Simon Stephens: ‘How Theatre will Outlive Netflix’

  • DATE

    28 June 2023

  • TIME

    4:30 pm to 5:30 pm

  • AGES

    All ages welcome

Simon Stephens’ inaugural lecture will not be a lecture.

In a way that is befitting to a dramatic writer it will take the form of a dialogue. He will be in conversation with the Dramaturg at the Royal Exchange Theatre Suzanne Bell. Simon has written for theatre for the last twenty five years. Suz and Simon will talk about his work. They will talk about his process and his work in Manchester in particular. This conversation will take place in the heart of the Manchester International Festival. It will address questions of recurring themes in his work, questions of holding both authenticity and curiosity in creativity, the complexities and contradictions within ‘lived experience’ and the nature of the imagination. At a time when theatre is reeling from the economic catastrophe of the Covid 19 pandemic, leading writers, actors, directors, designers and production artists are leaving the theatre in large numbers and there are urgent questions about the precarious future of new writing on our stages, Simon will address the possibility of taking an optimistic view of the future of the art form. He will be making the obvious and vital case that theatre will survive Netflix, evidencing how and why that survival will happen.


For more than twenty years Simon Stephens work has been widely translated and produced throughout the world. He has won many Awards including Olivier and Tony Awards for new plays. His work ranges from the deeply political, considering such subjects such as the 7/7 London bombings (Pornography) or the possibility of school shootings in the UK (Punk Rock) to the intimate and personal (Heisenberg, Harper Regan). His adaptation of Jose Saramago’s Blindness was made into a light and sound installation that was produced internationally during the Covid 19 pandemic. His most famous play is his adaptation of Mark Haddon’s best-selling novel, The Curious Incident of the Dog in the Night-Time.

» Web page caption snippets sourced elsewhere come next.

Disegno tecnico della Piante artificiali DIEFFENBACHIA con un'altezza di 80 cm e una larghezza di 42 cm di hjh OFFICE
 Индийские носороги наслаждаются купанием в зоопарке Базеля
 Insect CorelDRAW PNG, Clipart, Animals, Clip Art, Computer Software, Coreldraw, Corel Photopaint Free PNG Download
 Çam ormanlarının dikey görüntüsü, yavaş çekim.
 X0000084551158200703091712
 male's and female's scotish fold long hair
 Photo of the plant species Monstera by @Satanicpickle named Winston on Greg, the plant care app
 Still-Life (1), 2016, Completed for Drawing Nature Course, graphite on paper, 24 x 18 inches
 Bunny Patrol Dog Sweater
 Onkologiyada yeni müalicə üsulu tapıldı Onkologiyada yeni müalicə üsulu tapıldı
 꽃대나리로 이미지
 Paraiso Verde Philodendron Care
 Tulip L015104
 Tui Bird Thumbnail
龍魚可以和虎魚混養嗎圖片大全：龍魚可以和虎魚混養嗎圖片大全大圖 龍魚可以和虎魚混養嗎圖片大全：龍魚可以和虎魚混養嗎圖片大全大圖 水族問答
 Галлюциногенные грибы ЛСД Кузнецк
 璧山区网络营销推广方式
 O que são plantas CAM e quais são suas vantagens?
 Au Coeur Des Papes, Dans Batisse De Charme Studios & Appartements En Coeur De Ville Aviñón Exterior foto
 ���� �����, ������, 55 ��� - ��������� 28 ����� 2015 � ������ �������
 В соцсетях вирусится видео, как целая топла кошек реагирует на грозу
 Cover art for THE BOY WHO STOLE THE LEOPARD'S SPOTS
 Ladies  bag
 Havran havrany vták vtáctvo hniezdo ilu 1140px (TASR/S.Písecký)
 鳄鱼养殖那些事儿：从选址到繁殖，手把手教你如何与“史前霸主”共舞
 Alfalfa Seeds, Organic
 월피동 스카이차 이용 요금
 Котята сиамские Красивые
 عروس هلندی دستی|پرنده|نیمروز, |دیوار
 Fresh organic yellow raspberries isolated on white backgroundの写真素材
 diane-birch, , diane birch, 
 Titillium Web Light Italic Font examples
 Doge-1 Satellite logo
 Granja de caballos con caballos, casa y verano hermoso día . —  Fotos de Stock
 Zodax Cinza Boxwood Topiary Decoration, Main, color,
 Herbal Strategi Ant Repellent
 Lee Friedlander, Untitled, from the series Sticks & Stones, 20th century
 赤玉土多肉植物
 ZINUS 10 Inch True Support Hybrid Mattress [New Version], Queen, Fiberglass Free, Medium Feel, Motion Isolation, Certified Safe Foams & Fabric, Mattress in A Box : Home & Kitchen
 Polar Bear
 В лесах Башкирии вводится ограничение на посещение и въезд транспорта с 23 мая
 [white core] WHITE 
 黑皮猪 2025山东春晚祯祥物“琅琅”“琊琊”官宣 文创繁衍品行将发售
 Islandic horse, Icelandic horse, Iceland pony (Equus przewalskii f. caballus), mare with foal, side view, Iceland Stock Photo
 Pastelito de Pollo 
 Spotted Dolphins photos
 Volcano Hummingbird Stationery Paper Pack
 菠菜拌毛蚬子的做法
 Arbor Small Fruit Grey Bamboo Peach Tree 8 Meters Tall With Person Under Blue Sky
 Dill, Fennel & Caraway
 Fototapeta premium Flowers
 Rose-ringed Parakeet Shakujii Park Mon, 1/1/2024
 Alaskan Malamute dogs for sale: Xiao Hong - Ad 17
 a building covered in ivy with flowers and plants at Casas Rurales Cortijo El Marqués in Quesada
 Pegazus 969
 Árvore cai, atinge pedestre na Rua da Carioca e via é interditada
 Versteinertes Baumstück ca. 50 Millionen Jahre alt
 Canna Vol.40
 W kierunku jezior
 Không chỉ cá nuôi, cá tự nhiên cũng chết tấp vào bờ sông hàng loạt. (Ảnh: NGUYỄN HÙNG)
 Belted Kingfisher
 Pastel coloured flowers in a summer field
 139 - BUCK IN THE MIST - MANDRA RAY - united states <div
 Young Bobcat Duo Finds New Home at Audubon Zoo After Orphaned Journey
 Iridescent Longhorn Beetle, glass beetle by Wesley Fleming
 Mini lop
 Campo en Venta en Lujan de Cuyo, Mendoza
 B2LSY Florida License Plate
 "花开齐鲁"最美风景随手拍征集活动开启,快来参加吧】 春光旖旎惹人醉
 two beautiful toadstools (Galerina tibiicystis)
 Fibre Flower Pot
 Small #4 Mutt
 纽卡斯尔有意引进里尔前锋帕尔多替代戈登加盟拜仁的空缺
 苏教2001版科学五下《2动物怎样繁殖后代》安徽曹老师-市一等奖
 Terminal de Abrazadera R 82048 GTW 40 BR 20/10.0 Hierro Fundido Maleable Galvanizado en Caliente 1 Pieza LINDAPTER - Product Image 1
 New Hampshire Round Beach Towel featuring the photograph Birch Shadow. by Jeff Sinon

He has written new English language versions of masterpieces by Chekhov, Ibsen and Brecht, collaborated with the world’s leading theatre practitioners (Patrice Chereau, Ivo Van Hove, Marianne Elliott, Katie Mitchell) and produced original work throughout Europe, Asia, Australia and the Americas. He is under commission to the National Theatre in the UK, the Manhattan Theatre Club, the Schauspielhaus Stuttgart and Parco, Tokyo.

He has been Artistic Associate at the Lyric, Hammersmith and Associate Playwright at the Royal Court Theatre. He has taught playwriting workshops in five continents. He has presented four series of the celebrated Playwright’s Podcast from the Royal Court Theatre. He is a Professor at the Writing School of Manchester Metropolitan University.

He lives in East London with his wife, three children, their snake, gecko, three cats and a dog.